IRC §731(a)(1): a partner recognizes gain to the extent cash distributions exceed adjusted basis. Once basis = $0, every dollar of distribution is taxable as capital gain (long-term if held >1 year). This is NOT ordinary income — it’s capital gain at 0/15/20%. Basis cannot go below zero.
Changes: Distributions become immediately taxable. Your annual tax bill increases significantly. Doesn’t change: You still receive the same cash distribution. Suspended passive losses keep accumulating. §751 recapture exposure continues to build. The stepped-up basis at death still works.
500 units purchased at $20 ($10,000) in 2012. After 13 years of distributions and K-1 adjustments, basis reaches $0 in 2025. 2026 distribution: ~$2.10/unit × 500 = $1,050. With zero basis, all $1,050 is LTCG. Tax at 15%: $157.50. Compare to the prior 13 years where $0 was owed annually on ~$13,650 in tax-deferred distributions.
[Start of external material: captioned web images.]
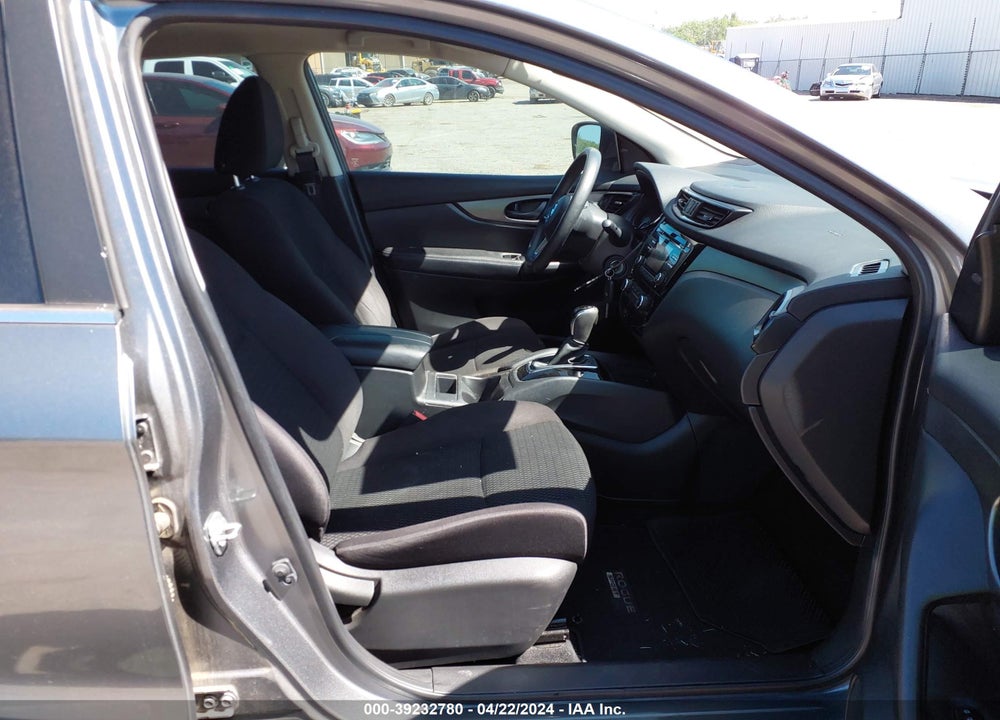 2018 NISSAN ROGUE SPORT S VIN: JN1BJ1CP8JW188563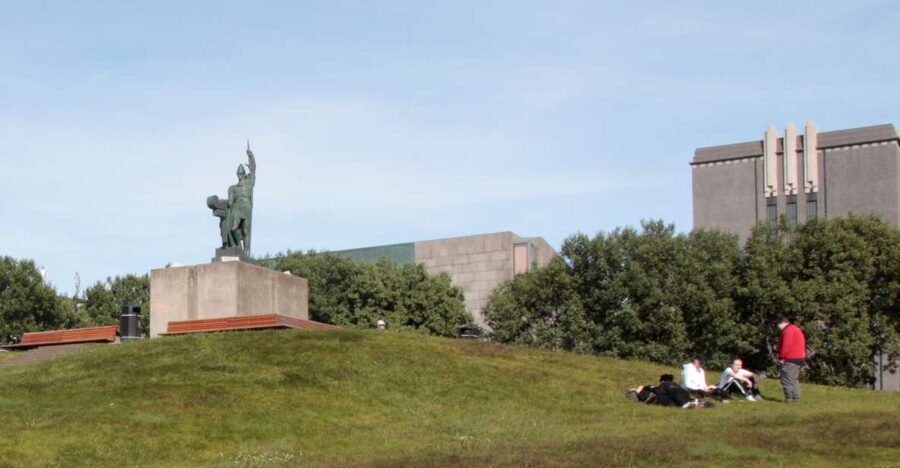 Reykjavik: Guided City Walking Tour - Key points to know before you book
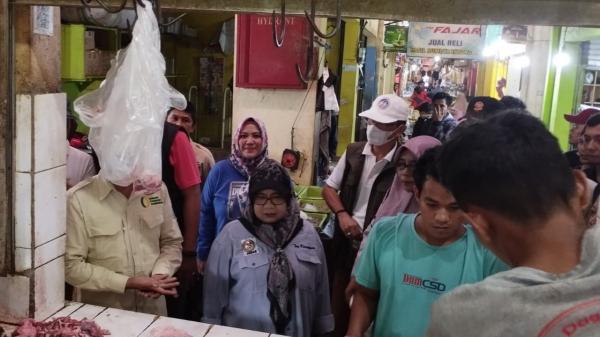 Pj Wali Kota Banjar Ida Wahida Hidayati Sidak Harga Pangan di Pasar Tradisional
A) Buy more units — adds fresh basis, extends tax deferral. B) Keep holding — accept the tax, keep collecting. C) Sell — triggers §751 + capital gain, releases suspended losses. D) Hold until death — stepped-up basis eliminates everything. E) Donate — FMV deduction, zero gain recognition.
At zero basis, positive Box 1 income creates “phantom income” — taxable income with no corresponding cash. Combined with §731 gain on distributions, zero-basis holders can face surprisingly large tax bills in strong MLP years. More common with CQP and fuel distribution MLPs (SUN, CAPL).